_TRY IT:_ Below this line are records; write out exactly the lines from the one containing "Barna slim-fit twill chino trousers - Beige" through the one containing "Tommee Tippee Première", with the pictures left out.

_EXCERPTED RECORDS:_
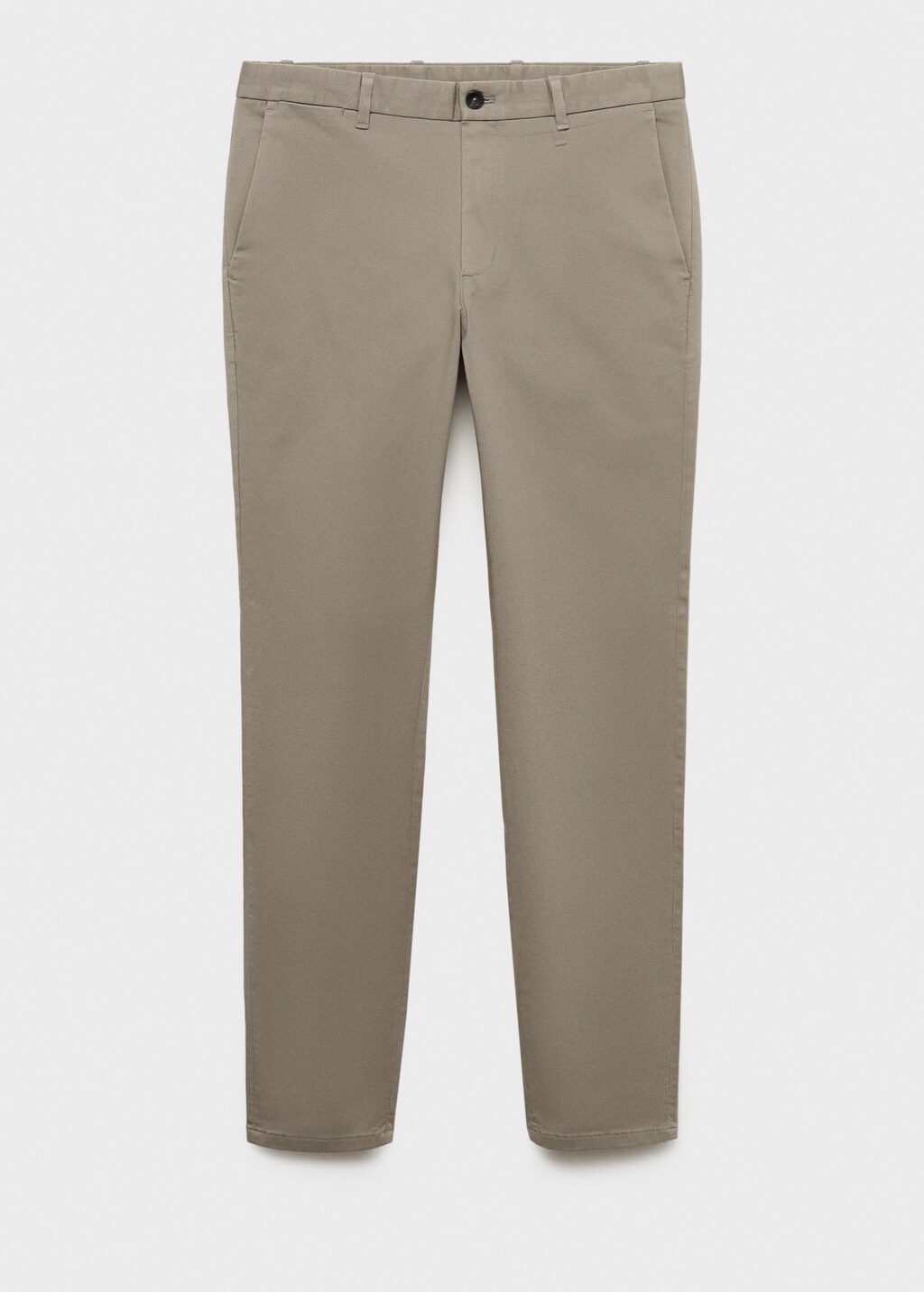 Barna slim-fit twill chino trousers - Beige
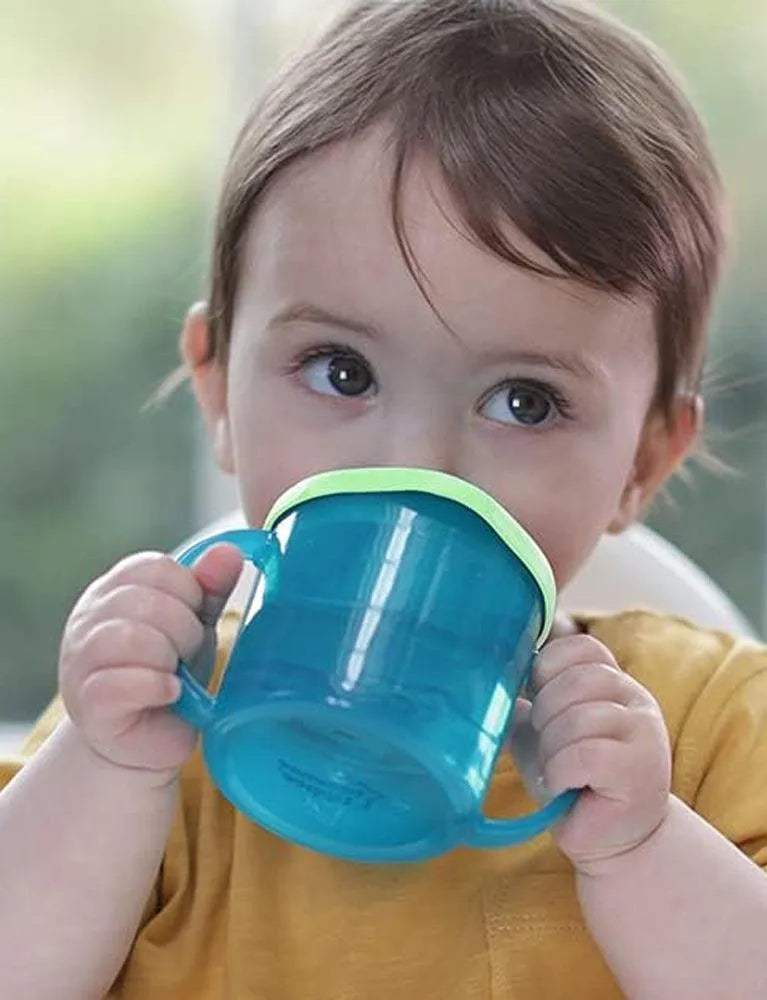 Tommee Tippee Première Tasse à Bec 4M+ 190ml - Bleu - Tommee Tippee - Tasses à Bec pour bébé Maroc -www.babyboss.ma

--

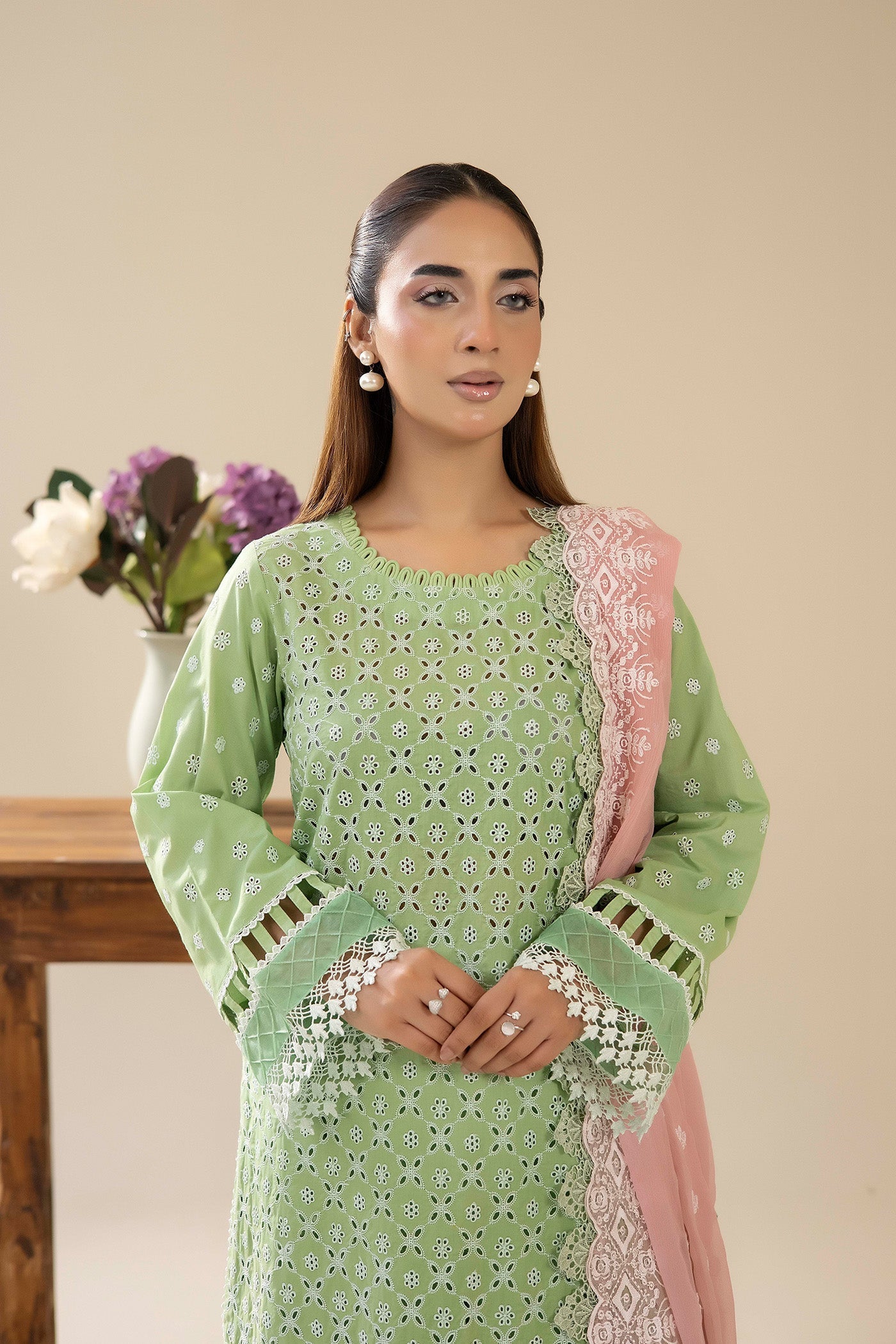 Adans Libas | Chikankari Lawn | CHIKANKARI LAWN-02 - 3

_ANSWER:_
 Barna slim-fit twill chino trousers - Beige
 Tommee Tippee Première Tasse à Bec 4M+ 190ml - Bleu - Tommee Tippee - Tasses à Bec pour bébé Maroc -www.babyboss.ma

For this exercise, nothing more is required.